___ Exercise data

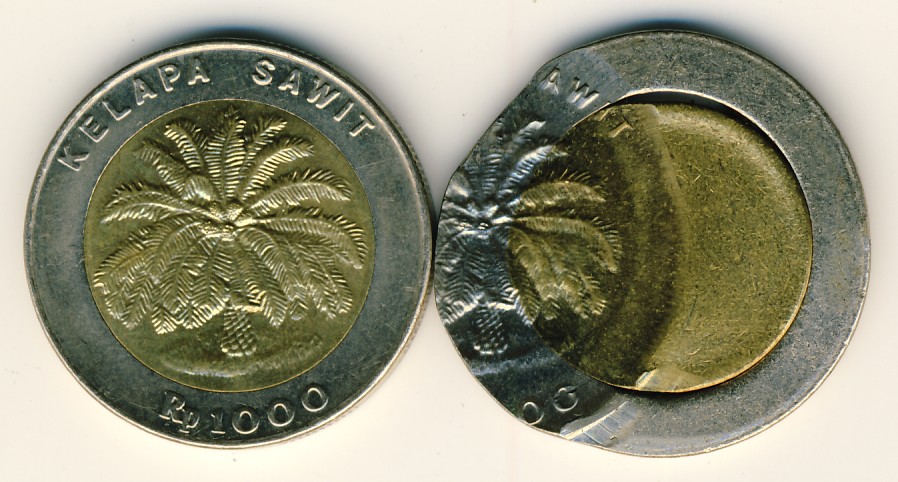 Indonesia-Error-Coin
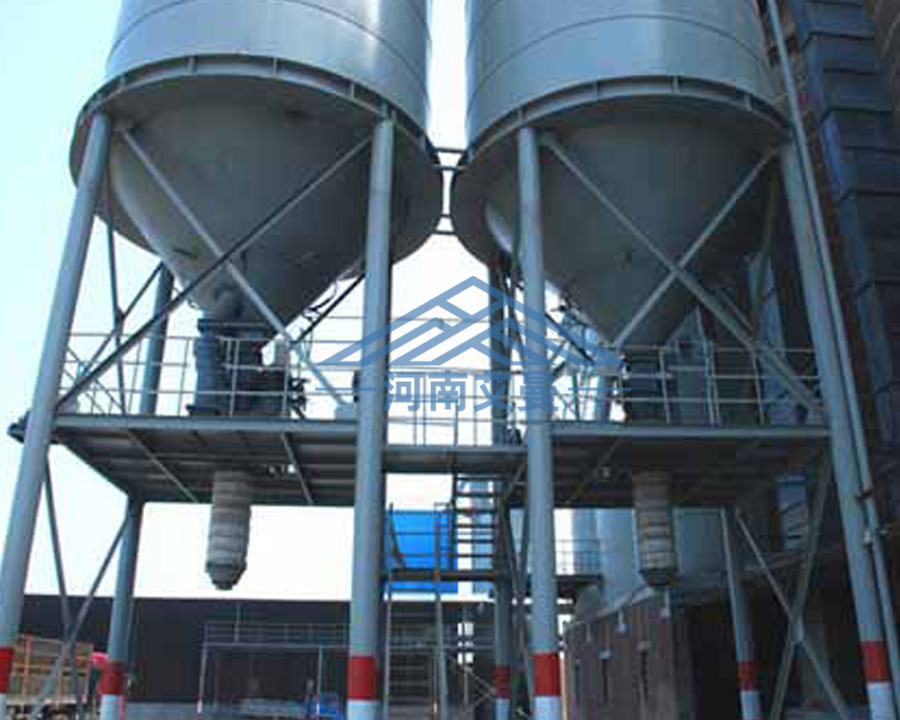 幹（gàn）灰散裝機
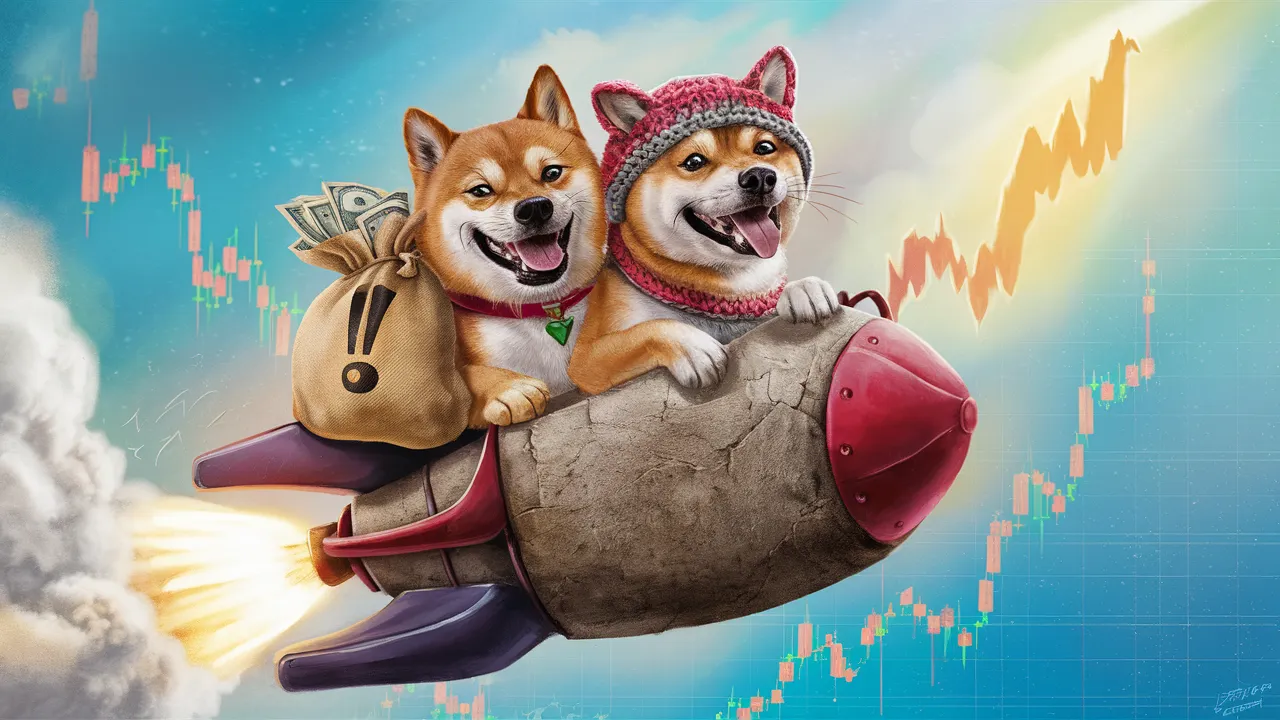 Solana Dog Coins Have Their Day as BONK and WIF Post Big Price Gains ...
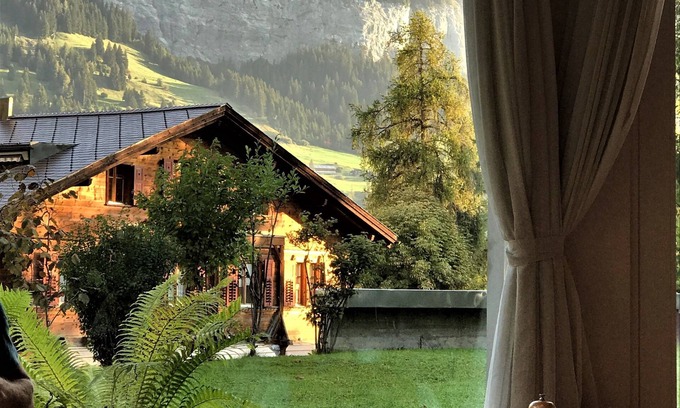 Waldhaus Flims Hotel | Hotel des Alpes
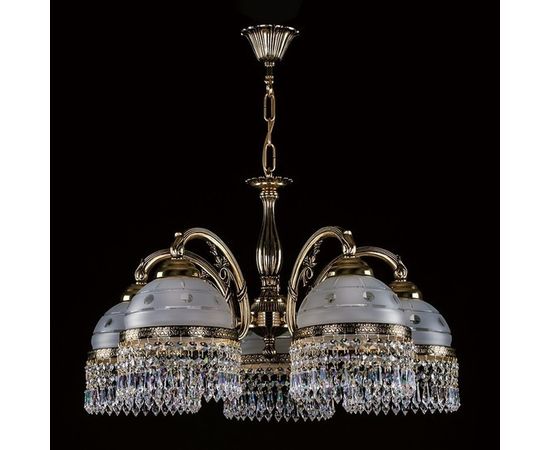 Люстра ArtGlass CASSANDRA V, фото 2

______
___ Exercise data

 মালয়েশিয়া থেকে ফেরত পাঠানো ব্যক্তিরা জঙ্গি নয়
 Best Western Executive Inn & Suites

______
___ Exercise data

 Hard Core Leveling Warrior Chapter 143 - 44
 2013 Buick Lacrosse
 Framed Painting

______

◆ **Task goal**: Among the entries above, take the lines from the one with "Indonesia-Error-Coin" through the one with "Люстра ArtGlass CASSANDRA V, фото 2" and retype them exactly, leaving out the pictures.

◆ **Solution to this exercise**:
 Indonesia-Error-Coin
 幹（gàn）灰散裝機
 Solana Dog Coins Have Their Day as BONK and WIF Post Big Price Gains ...
 Waldhaus Flims Hotel | Hotel des Alpes
 Люстра ArtGlass CASSANDRA V, фото 2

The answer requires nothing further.